Il soutient, dans le dernier état de ses écritures, que :
- la décision attaquée est motivée de manière stéréotypée ;
- elle n’a pas été précédée d’un examen sérieux de sa situation personnelle ;
- elle est entachée d’incompétence ;
- elle méconnaît le b de l’article 7 et l’article 6-5 de l’accord franco-algérien du 27 décembre 1968 ;
- elle méconnaît l’article L. 435-1 du code de l’entrée et du séjour des étrangers et du droit d’asile ; le préfet n’a pas tenu compte des conditions de régularisation prévues par la circulaire du ministre de l’intérieur du 28 novembre 2012 ;
- elle méconnaît l’article 8 de la convention européenne de sauvegarde des droits de l’homme et des libertés fondamentales ;
- elle est entachée d’une erreur manifeste dans l’appréciation de ses conséquences sur sa situation personnelle ;
- à la date du jugement à intervenir, il remplira la condition de résidence en France de plus de dix ans prévue par l’article 6-1 de l’accord franco-algérien du 31 décembre 1968 lui permettant d’obtenir une carte de résident valable dix ans.

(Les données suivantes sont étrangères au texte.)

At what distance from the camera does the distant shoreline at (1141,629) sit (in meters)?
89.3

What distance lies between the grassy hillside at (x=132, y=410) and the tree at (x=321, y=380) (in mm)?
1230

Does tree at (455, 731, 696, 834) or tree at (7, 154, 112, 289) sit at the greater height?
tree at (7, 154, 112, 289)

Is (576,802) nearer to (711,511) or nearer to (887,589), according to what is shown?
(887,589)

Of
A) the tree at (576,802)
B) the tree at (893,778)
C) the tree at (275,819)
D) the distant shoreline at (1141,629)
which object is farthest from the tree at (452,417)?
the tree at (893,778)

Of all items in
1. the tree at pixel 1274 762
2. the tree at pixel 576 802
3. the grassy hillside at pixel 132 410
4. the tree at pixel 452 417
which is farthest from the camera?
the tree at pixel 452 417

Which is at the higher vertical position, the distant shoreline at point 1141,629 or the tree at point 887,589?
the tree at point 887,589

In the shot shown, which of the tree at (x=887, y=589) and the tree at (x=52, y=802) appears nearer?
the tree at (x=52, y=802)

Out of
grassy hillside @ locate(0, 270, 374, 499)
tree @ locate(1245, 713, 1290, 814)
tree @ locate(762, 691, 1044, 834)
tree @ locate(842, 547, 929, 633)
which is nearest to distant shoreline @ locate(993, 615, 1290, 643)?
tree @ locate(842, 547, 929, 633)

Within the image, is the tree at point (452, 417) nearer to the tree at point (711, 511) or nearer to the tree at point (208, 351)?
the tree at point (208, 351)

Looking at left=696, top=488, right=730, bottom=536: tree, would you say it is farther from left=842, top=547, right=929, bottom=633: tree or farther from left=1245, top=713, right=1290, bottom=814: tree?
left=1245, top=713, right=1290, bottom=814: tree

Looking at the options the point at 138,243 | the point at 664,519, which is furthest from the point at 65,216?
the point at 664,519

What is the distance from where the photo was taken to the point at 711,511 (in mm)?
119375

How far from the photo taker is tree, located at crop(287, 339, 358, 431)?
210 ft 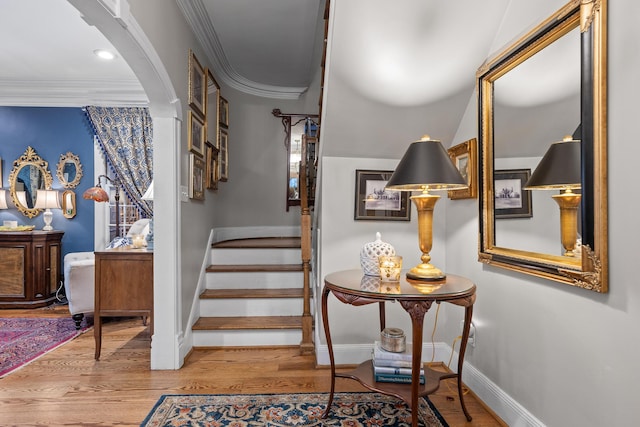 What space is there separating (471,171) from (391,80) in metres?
0.72

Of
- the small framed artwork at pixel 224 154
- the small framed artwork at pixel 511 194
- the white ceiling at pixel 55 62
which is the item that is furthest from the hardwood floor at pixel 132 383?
the white ceiling at pixel 55 62

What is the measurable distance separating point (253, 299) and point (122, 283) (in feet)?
3.30

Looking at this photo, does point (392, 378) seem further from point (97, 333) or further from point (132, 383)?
point (97, 333)

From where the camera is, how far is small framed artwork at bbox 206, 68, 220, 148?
339 centimetres

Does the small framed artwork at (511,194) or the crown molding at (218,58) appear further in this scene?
the crown molding at (218,58)

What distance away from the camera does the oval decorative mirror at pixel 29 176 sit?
4.40m

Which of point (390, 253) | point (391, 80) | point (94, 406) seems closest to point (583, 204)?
point (390, 253)

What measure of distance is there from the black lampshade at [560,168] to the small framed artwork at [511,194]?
0.07 metres

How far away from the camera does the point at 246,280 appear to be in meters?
3.24

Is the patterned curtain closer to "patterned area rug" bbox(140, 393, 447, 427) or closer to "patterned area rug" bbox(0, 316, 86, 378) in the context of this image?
"patterned area rug" bbox(0, 316, 86, 378)

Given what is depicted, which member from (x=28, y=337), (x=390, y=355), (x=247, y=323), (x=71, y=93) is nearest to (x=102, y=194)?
(x=71, y=93)

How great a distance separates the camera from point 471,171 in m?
2.09

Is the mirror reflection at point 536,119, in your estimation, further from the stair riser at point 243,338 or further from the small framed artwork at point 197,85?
the small framed artwork at point 197,85

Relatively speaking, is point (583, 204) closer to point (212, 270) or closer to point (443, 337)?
point (443, 337) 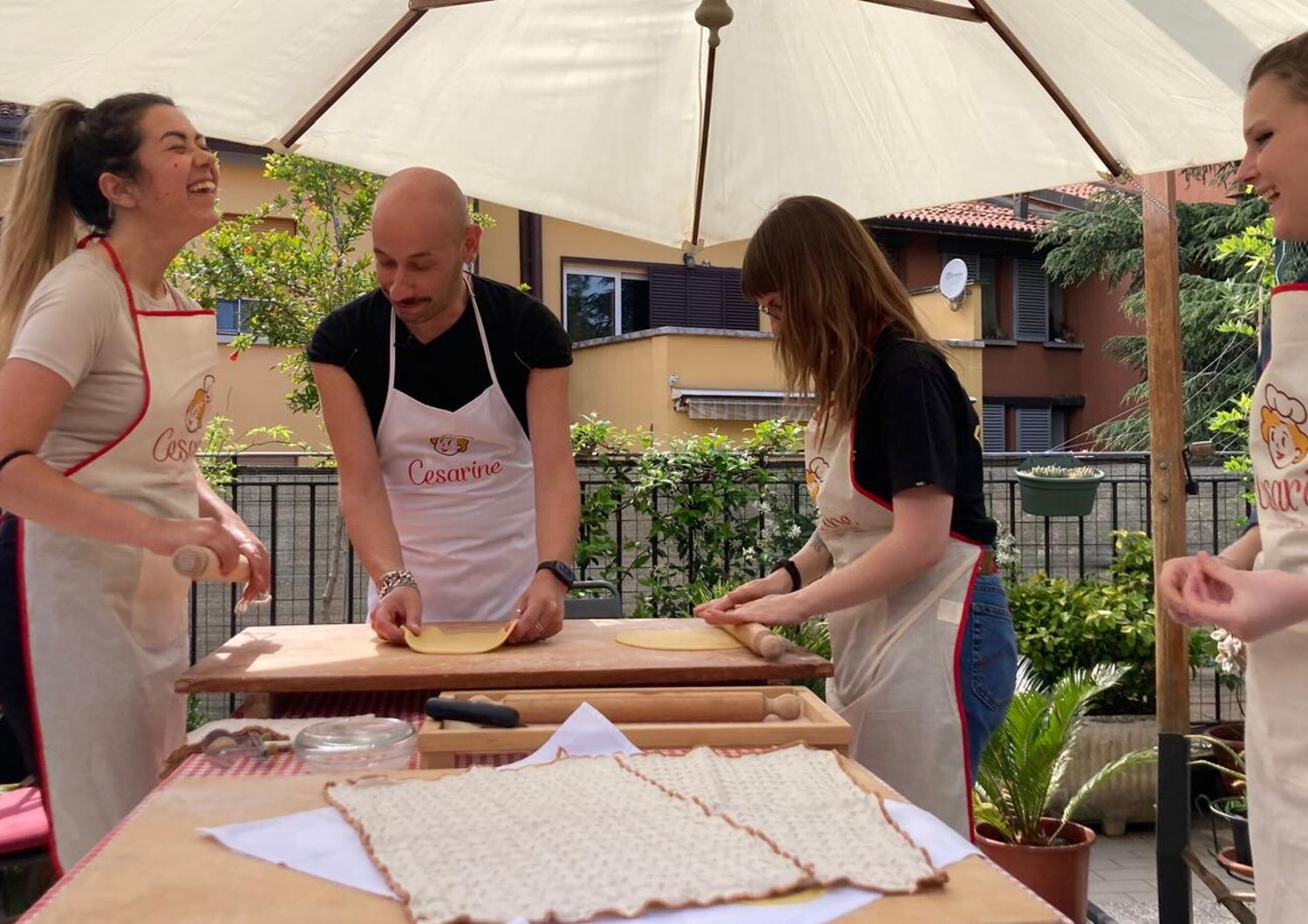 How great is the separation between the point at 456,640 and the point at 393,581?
27 centimetres

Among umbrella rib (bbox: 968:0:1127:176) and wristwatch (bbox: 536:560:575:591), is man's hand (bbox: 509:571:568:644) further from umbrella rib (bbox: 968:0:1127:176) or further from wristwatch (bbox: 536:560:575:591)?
umbrella rib (bbox: 968:0:1127:176)

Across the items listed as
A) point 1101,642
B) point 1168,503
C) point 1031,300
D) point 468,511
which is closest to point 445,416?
point 468,511

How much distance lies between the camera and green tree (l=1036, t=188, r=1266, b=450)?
13633mm

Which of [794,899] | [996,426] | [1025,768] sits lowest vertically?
[1025,768]

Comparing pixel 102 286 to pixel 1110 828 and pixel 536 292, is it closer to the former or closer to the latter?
pixel 1110 828

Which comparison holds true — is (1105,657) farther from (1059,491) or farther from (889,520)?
(889,520)

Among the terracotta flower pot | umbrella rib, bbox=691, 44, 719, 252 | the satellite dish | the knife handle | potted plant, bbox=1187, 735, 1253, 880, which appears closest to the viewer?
the knife handle

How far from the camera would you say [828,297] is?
2182 mm

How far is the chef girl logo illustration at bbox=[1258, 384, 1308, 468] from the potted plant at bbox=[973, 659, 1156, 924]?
2.59 meters

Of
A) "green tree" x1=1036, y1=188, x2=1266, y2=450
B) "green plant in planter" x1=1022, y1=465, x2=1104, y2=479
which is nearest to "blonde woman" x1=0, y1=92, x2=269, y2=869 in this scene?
"green plant in planter" x1=1022, y1=465, x2=1104, y2=479

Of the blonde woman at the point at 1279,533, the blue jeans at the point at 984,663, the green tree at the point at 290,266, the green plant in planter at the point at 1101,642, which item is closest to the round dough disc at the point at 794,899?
the blonde woman at the point at 1279,533

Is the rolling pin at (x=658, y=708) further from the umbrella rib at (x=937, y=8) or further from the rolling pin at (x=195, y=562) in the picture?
the umbrella rib at (x=937, y=8)

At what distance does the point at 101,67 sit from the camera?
2.58 m

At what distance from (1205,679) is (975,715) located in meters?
4.94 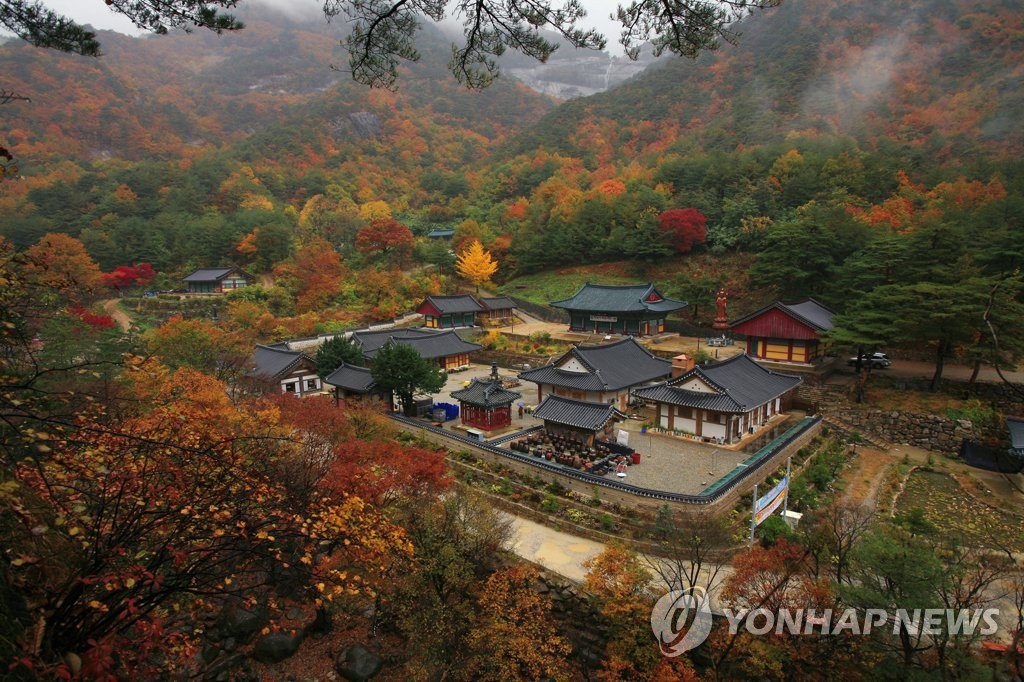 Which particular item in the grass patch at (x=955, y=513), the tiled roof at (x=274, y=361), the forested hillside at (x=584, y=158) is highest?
the forested hillside at (x=584, y=158)

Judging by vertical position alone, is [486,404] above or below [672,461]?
above

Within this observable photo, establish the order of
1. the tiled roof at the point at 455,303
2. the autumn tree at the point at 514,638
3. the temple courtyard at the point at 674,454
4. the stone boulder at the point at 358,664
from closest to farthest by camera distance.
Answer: the autumn tree at the point at 514,638 → the stone boulder at the point at 358,664 → the temple courtyard at the point at 674,454 → the tiled roof at the point at 455,303

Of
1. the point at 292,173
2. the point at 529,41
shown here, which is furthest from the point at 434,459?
the point at 292,173

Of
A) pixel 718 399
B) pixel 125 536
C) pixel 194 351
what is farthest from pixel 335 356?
pixel 125 536

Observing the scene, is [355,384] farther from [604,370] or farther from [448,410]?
[604,370]

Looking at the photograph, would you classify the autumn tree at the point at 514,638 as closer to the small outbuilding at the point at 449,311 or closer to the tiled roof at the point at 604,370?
the tiled roof at the point at 604,370

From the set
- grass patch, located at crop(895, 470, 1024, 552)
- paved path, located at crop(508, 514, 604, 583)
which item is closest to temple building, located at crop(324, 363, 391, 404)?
paved path, located at crop(508, 514, 604, 583)

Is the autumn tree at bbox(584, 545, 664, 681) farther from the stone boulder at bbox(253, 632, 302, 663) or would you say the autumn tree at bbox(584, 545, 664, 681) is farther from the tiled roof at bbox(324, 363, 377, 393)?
the tiled roof at bbox(324, 363, 377, 393)

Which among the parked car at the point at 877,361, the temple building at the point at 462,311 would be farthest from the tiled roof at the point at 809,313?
the temple building at the point at 462,311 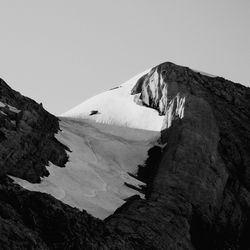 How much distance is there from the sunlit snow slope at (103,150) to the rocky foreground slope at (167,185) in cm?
128

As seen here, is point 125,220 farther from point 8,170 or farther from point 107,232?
point 8,170

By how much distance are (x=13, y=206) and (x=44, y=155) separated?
1363 centimetres

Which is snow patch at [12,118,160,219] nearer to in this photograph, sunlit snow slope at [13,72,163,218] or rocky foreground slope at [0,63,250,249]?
sunlit snow slope at [13,72,163,218]

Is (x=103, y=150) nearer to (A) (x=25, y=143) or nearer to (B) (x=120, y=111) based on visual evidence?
(A) (x=25, y=143)

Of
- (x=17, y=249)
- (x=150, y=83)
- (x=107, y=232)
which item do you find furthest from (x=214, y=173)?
(x=150, y=83)

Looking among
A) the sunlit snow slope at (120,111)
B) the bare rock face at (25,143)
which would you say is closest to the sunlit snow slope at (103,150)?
the sunlit snow slope at (120,111)

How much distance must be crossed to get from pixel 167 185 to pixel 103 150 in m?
12.3

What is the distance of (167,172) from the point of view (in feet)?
122

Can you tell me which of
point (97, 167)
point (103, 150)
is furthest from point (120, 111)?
point (97, 167)

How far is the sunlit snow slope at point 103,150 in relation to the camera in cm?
3189

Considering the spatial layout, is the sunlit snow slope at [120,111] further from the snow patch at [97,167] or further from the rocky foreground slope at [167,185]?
the rocky foreground slope at [167,185]

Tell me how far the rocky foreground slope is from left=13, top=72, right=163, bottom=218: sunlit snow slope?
1.28 metres

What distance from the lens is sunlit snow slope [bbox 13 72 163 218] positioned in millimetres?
31891

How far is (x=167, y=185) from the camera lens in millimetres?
35375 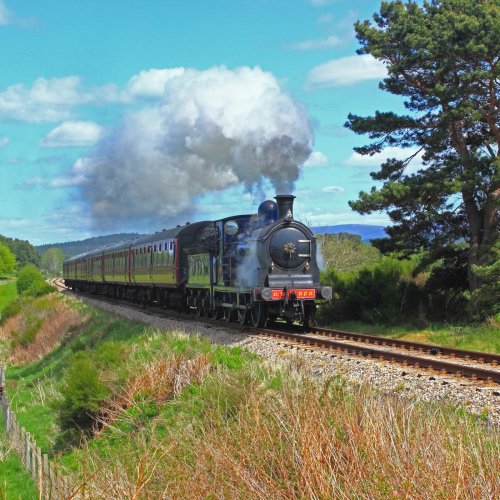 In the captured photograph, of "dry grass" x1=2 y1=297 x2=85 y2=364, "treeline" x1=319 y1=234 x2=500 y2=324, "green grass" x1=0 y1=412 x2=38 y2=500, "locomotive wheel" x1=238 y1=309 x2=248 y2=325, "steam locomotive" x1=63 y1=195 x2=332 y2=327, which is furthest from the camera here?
"dry grass" x1=2 y1=297 x2=85 y2=364

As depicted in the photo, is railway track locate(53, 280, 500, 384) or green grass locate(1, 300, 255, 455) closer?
railway track locate(53, 280, 500, 384)

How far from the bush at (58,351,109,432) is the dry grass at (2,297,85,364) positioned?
17.2m

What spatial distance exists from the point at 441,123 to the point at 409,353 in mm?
6915

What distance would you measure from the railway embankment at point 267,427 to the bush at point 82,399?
3 centimetres

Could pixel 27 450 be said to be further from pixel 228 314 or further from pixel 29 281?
pixel 29 281

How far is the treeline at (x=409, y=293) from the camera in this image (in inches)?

Par un mémoire enregistré le 15 avril 2024 le préfet de police conclut au rejet de la requête.
Il soutient que les moyens invoqués ne sont pas fondés.
Les parties ont été informées le 17 septembre 2025, en application des dispositions de l’article R. 611-7 du code de justice administrative, de ce que le jugement est susceptible d’être fondé sur un moyen relevé d’office, tiré de ce que les dispositions de l’article L. 435-1 du code de l’entrée et du séjour des étrangers et du droit d’asile n’étant pas applicables aux ressortissants algériens, il y a lieu de substituer à cette base légale de la décision attaquée celle tirée du pouvoir de régularisation dont dispose l’autorité préfectorale.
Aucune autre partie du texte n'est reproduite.